Soal Sertifikat PRONA, BPN dan Kades Madukoro Saling Lempar Tanggung Jawab

Soal Sertifikat PRONA, BPN dan Kades Madukoro Saling Lempar Tanggung Jawab

Bukti pembayaran biaya administrasi pembuatan sertifikat PRONA di Desa Madukoro--

LAMPURA, MEDIALAMPUNG.CO.ID – Warga Desa Madukoro, Kecamatan Kotabumi Utara, Kabupaten Lampung Utara, menghadapi kendala dalam pengurusan sertifikat tanah melalui program Proyek Operasi Nasional Agraria (PRONA). 

Hingga kini, belum ada kejelasan terkait penyelesaian sertifikat, meski warga sudah membayar biaya administrasi sebesar Rp800 ribu.

Menurut Kepala Desa Madukoro, Johan Ander Yanto, proses pengukuran tanah untuk sertifikat PRONA dilakukan oleh ATR-BPN Kotabumi dan dibantu oleh Pemerintah Desa Madukoro. 

Johan menyebutkan, sekitar 200 warga telah mengajukan pembuatan sertifikat tanah pada tahun 2024. 

BACA JUGA:Nekat! Seorang Wanita Selundupkan Narkoba di Lapas Salemba, Disembunyikan di Alat Vital

Ia mengungkapkan bahwa sejak 2019, pihak BPN yang menawarkan program tersebut, tetapi hingga saat ini belum ada perkembangan.

"Saat ini, semua rekomendasi dari pihak Kimal untuk warga sudah selesai. Namun, BPN belum memberikan kepastian terkait pembuatan sertifikat tanah," ujar Johan pada Kamis, 24 Oktober 2024.

Sementara itu, Hesti, petugas loket pelayanan informasi ATR-BPN Kotabumi, menyatakan bahwa tidak ada pengajuan sertifikat PRONA dari warga Desa Madukoro pada tahun 2024. 

Ia juga menjelaskan bahwa pengajuan dari pemerintah desa ditolak karena sebagian besar tanah di desa tersebut merupakan tanah sengketa, yang membuat BPN tidak berani memprosesnya.

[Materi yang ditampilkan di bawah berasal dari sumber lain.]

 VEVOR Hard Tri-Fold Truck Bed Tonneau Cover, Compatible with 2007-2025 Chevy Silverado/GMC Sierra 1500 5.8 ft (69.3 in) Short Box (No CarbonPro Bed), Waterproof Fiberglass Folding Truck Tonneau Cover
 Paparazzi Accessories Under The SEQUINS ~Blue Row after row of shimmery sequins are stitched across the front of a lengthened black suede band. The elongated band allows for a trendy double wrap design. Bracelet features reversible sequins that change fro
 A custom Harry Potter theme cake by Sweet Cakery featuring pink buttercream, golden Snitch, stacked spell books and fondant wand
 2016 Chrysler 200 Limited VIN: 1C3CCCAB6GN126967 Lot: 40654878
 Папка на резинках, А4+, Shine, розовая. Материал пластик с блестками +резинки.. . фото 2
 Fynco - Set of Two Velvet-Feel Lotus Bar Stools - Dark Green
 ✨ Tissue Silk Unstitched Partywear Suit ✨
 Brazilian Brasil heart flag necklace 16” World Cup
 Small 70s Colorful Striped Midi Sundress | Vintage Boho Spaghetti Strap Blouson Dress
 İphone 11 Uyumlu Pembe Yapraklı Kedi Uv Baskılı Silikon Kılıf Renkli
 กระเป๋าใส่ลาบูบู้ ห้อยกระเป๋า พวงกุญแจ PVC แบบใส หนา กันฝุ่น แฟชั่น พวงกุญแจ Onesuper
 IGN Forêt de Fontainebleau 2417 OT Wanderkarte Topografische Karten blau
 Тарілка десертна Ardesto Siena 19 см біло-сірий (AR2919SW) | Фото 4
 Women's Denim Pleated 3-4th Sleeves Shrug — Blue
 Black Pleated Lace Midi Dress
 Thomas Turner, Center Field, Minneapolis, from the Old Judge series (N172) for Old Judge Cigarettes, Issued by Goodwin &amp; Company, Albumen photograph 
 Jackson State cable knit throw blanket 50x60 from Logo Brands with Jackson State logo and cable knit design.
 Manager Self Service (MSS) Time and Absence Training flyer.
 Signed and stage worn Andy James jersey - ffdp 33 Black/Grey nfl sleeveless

BACA JUGA:Atasi Hiperinflasi, Zimbabwe Perkenalkan Mata Uang ZiG Pengganti ZWD

"Tidak ada warga Desa Madukoro yang mengajukan sertifikat PRONA tahun ini. Tanah di sana kebanyakan tanah sengketa, jadi BPN tidak berani," kata Hesti.

Sebelumnya, warga Desa Madukoro mengeluhkan proses pembuatan sertifikat tanah melalui PRONA yang sudah berlangsung bertahun-tahun tanpa kejelasan.

Warga harus membayar biaya administrasi sebesar Rp800 ribu dalam dua tahap, namun hingga kini sertifikat yang diharapkan belum juga diterbitkan.

Seorang warga berinisial Ha mengungkapkan bahwa proses pengurusan sertifikat tanahnya sudah berjalan lima tahun, namun tidak ada kabar dari pemerintah desa.